|Enough of this break girls. Go back to school!!!|
|I love you so much. But please, please, please go back to school!|
|I fear I may turn into the year-round grinch if they don't go back to school soon......|
But with busy schedules, that hasn't stopped me from thinking about this year and what I want to get accomplished. Sure, I have family goals, personal growth goals, financial goals, business goals and, of course, my 2012 season goals. Goals are great to have but goals don't explain how I am going to get there. Sure, I want to qualify for Kona again. Who doesn't?? Stating that goal out loud or on paper doesn't get me one step closer to earning that slot.
So I've been pondering exactly how to describe what I am striving for this year. After a particularly hard testing session this morning, PIC and I were talking about my "goals" and she came up with a great term to describe what I've been thinking about.....my season intentions. And I believe that my intentions will drive my year in the right direction.

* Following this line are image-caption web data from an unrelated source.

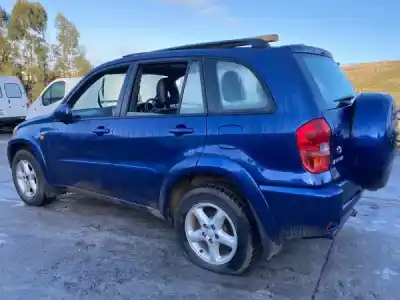 Scrapping Vehicle toyota rav4 (a2) 2.0 d-4d 4wd of the year 2004 powered 1cd-ftv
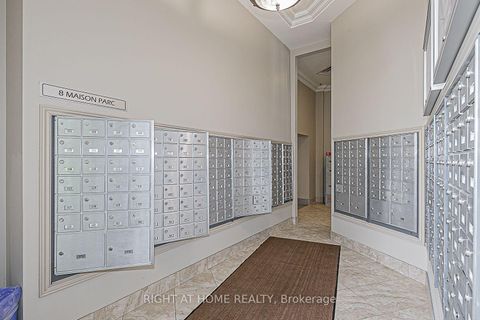 Photo 25 at 305 - 8 Maison Parc Court, Lakeview Estates, Vaughan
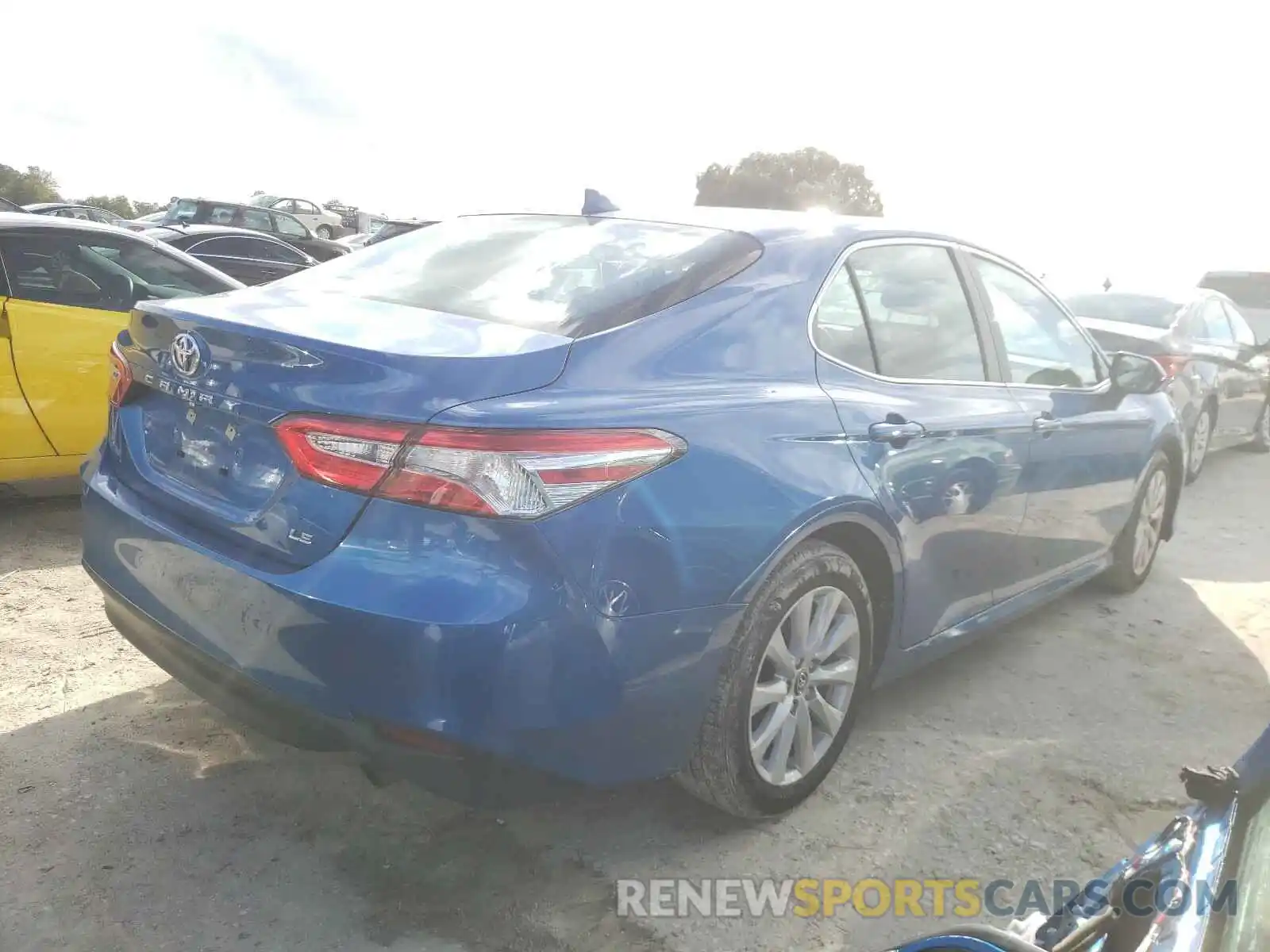 4 Photograph of a damaged car 4T1B11HK9KU235540 TOYOTA CAMRY 2019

What do I want to do? What do I want to accomplish? Where do I want to go? How am I going to get there?
With that, here are my 2012 season intentions:
Stay healthy. This is my numero uno and what I will strive for all year. How will I stay healthy? First and foremost by reducing stress. Last year I managed to sideline myself with a bad case of shingles in the most important part of the season. I know how it happened (3 hard races within 5 weeks, another foot injury, rushing recovery along and not being honest with myself, and some personal trauma) and I have learned from it. If I start getting stressed out, I have a physical reminder.....I get the "shingle tingle" and I can look at my back and see the scar. Not gonna do that again.
Recovery, recovery, recovery..... To make sure that I am listening to my body and its signals, I am also going to an outside, unbiased source for a second opinion on my state of recovery. There is a website PIC and I have been looking into and discussing. It basically promises that by answering a series of questions every morning it will quantify your state of recovery. I have no idea if it works, but since I am my own training/science experiment, I am signing up with the hope that it will validate what I know about my own body and state of recovery. And if I don't seem to know it or get it, it should guide me in the right direction.

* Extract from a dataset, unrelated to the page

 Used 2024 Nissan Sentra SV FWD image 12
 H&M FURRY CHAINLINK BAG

And my feet. For the last 1.5 years, I have had foot issues. As soon as the left foot stopped bothering me, the right foot started a week later. Part of staying healthy for me is to be pain-free in my feet (as well as my body as a whole). Seriously, my feet have been on my mind since July 2010. Every single day I worried about my feet. Talk about stress!!! But there are now days that go by without me even thinking about my feet. For the first time in a year and a half! Oh joy! My foot problems were probably the result of stress and the wrong shoes and over distance running from several years back. I am fixing the stress part and I think I have found running shoes that work for me (NEWTON). I will pay attention to all aches and pains and niggles and jiggles and won't push training if my body is saying no.
Enjoy the process.
This has been said time and time again. To enjoy this sport and to have any sort of longevity (i.e. no burnout) in it, you have to enjoy the process. Getting up early to swimbikerun. Jumping into a cold pool/lake. Riding your bike for hours and hours sometimes in brutally cold headwinds (like yesterday's ride), saddle sores, and strange tan lines. And running running running. In the heat, in the cold, around a track, on a treadmill, up a hill, down a hill (you get the idea). How you do in this sport is defined by the consistency of your program and your motivation to get out there and swimbikerun. Racing is the icing on the cake, the reward for all the hard work you have put in. If that passion is not there day to day, then you can't expect it to show up on race day and see results.
There's a reason I took off as much time as I did after Kona. Well, there are several but one was to definitely make sure my head was in the right place. And fortunately by early November I knew that I still was in it. But I continued until the end of December on a non-schedule training schedule to know that the unstructured time away from swimbikerun will only benefit me when it's time to go! Mid-January is not that time. I have talked to Coach about it and the name of the game is patience right now (and not over thinking the schedule/heart rates/percentages - can you say Type A Athlete???).